◆ The records ◆
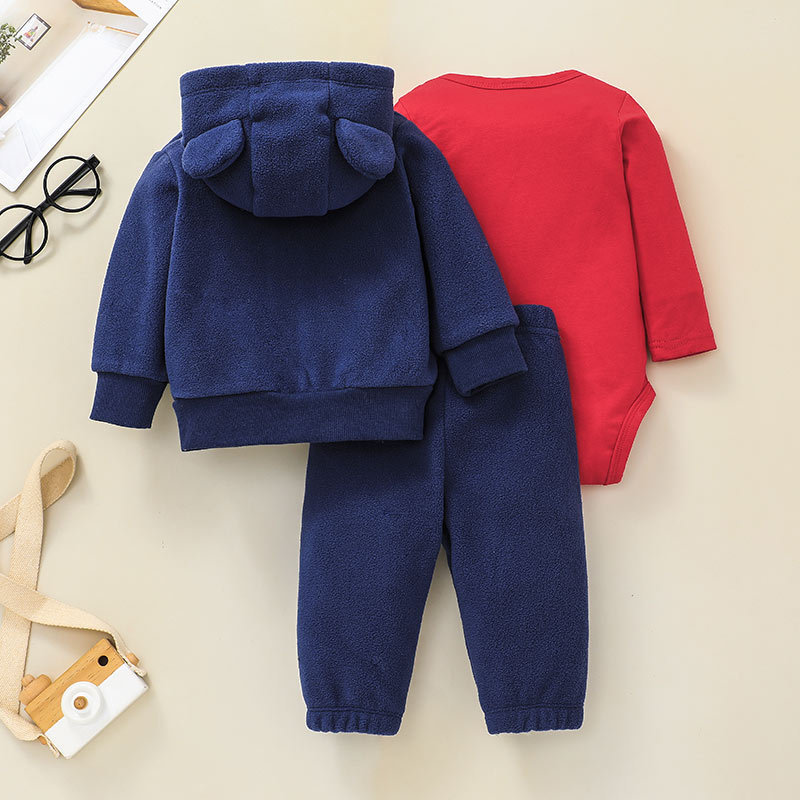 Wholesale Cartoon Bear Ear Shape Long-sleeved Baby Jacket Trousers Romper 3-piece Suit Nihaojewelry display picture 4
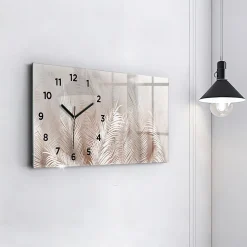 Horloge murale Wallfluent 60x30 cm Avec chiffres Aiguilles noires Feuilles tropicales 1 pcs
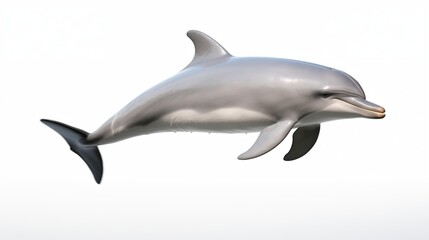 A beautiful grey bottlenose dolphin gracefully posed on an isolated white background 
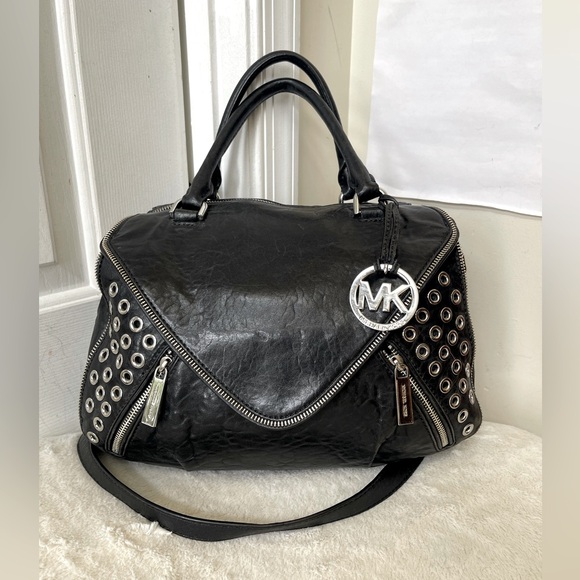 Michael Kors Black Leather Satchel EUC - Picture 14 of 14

--

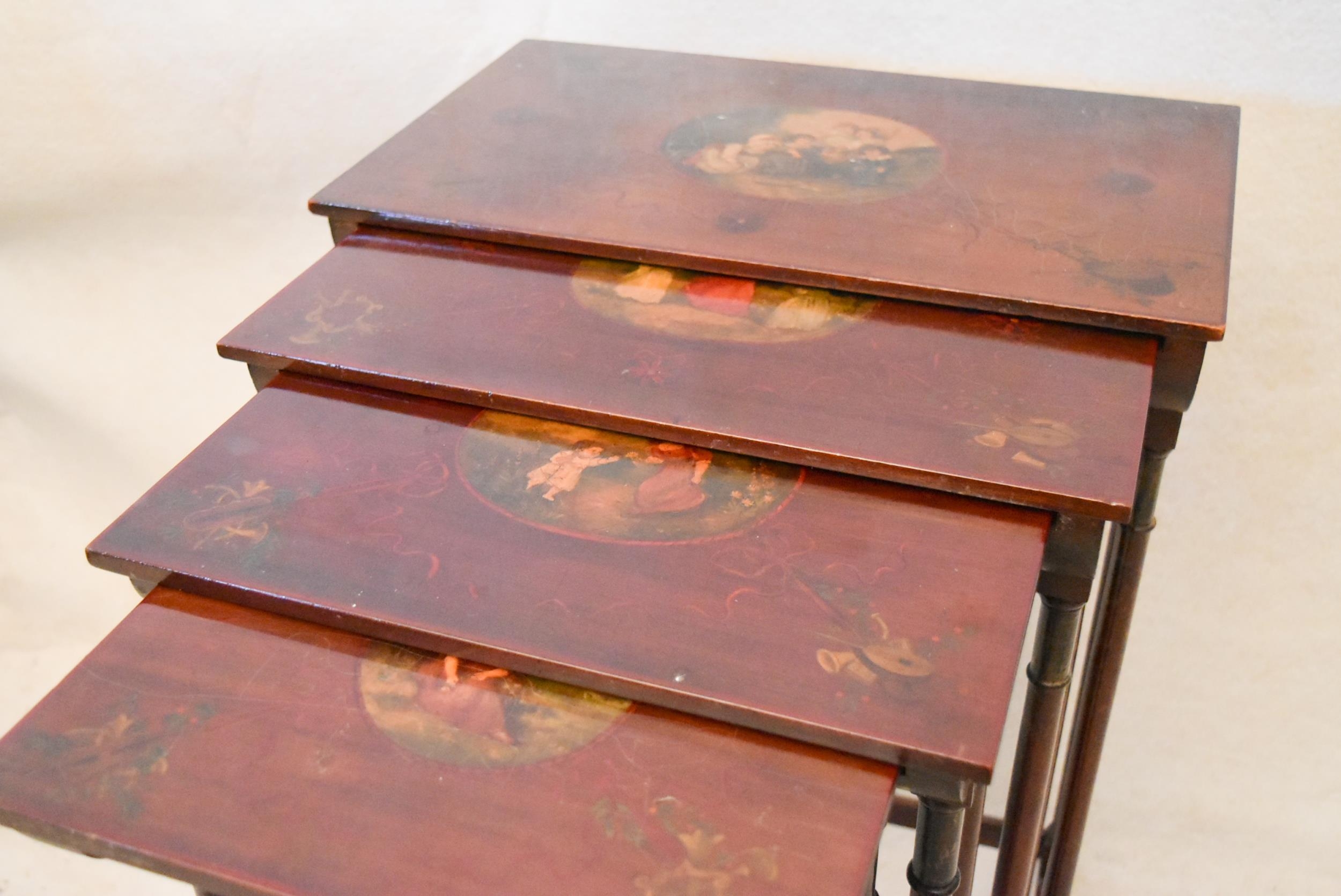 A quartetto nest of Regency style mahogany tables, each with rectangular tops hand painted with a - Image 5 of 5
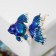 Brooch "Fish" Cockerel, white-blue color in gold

* * *

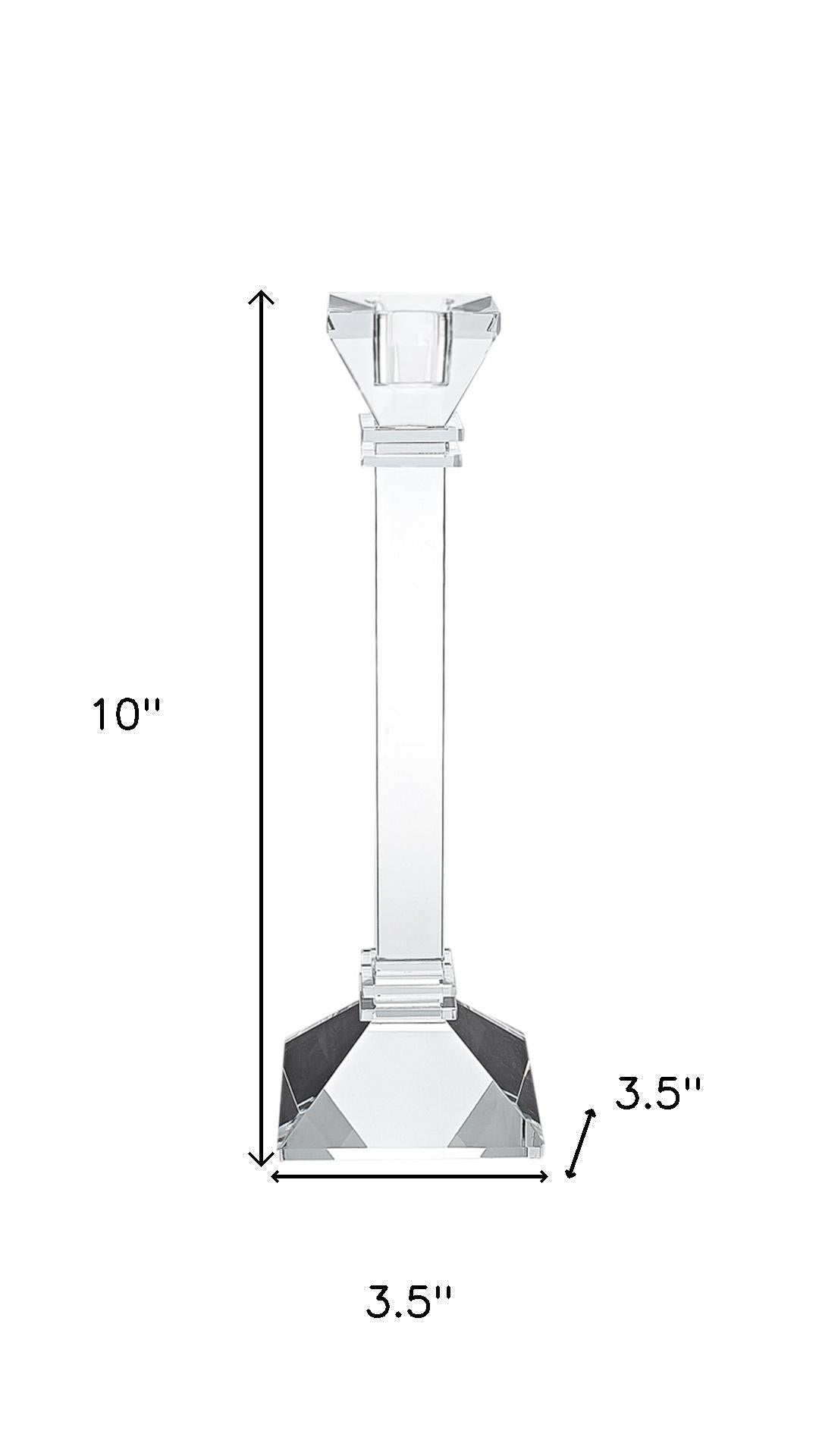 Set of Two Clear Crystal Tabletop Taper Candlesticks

◆ Requirement ◆
Using the data above, copy exactly the lines from the one containing "Horloge murale Wallfluent" to the one containing "Michael Kors Black", inclusive. Exclude the pictures.

◆ Result ◆
 Horloge murale Wallfluent 60x30 cm Avec chiffres Aiguilles noires Feuilles tropicales 1 pcs
 A beautiful grey bottlenose dolphin gracefully posed on an isolated white background 
 Michael Kors Black Leather Satchel EUC - Picture 14 of 14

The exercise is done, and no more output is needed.